Using Social Media In Employment Hiring

Using Social Media In Employment Hiring

Social media plays a big part in our society. People share lots of personal information online that everyone can see, some good and some bad, but can an employer use information found online?

Using social media when hiring can certainly affect your chances of landing that new job, but in what way specifically? 

According to Forbes, your social mediea presence can both help and harm you in your job search. For instance, if you tend to post controversial material, prospective employers may assume that behavior will carry into the workplace and ultimately choose a different candidate. 

So how do you deal with social media presence when you are the one hiring?

social media for hiring

That question doesn’t have an easy answer, often you will find information regarding a person’s religion, sexual orientation, ethnic, and birth information that could never be included on a compliant job application. Photographs of the individual may also reveal information about disabilities that would never be permitted under the ADA and other federal and state employment laws. In addition, there is often no way for an applicant to even defend themselves regarding such information and no mechanism exists to correct information that is wrong. 

Using social networking sites can sometimes help find good candidates that are just what the recruiter is looking for, but the use of these sites for employment screening may not be a practice you would want to explain or defend in a courtroom setting. Most of these issues have not been addressed by the courts yet. If the use of these sites is a part of your recruiting and hiring process, perhaps after consulting with your HR consultant or legal counsel, at the very least your employment screening release should specifically refer to the possible use of these sites.

Social Media Can Hurt and Help an Applicant

According to a survey by CareerBuilder, 34 percent of hiring managers who admit that they have screened job candidates via social networking profiles say that they found content that caused them to dismiss a candidate from consideration. By contrast, 24 percent of hiring managers who researched job candidates via social networking sites said they found content that helped to solidify their decision to hire the candidate.
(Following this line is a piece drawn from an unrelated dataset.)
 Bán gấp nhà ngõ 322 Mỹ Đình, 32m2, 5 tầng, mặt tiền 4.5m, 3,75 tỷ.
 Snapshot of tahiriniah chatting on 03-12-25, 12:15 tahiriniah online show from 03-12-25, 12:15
Information found that hurt applicants:

Drinking and drugs(41%), provocative or inappropriate photographs (40%), bad-mouthed their previous company or fellow employee ( 28%)
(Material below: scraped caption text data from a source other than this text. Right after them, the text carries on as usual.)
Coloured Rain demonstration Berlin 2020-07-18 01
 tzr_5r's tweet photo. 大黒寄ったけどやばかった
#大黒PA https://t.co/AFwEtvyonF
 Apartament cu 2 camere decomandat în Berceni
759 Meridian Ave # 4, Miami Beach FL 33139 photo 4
Information found that helped applicants:

Background supported their qualifications for the job (48%),  great communication skills (43%), conveyed a professional image (36%)

States with Restrictions on Use of Social Media

Arkansas, California, Colorado, Connecticut, Illinois, Louisiana, Maryland, Michigan, Montana, Nevada, New Hampshire, New Jersey, New Mexico, Oklahoma, Oregon, Rhode Island, Tennessee, Utah, Virginia, Washington, and Wisconsin.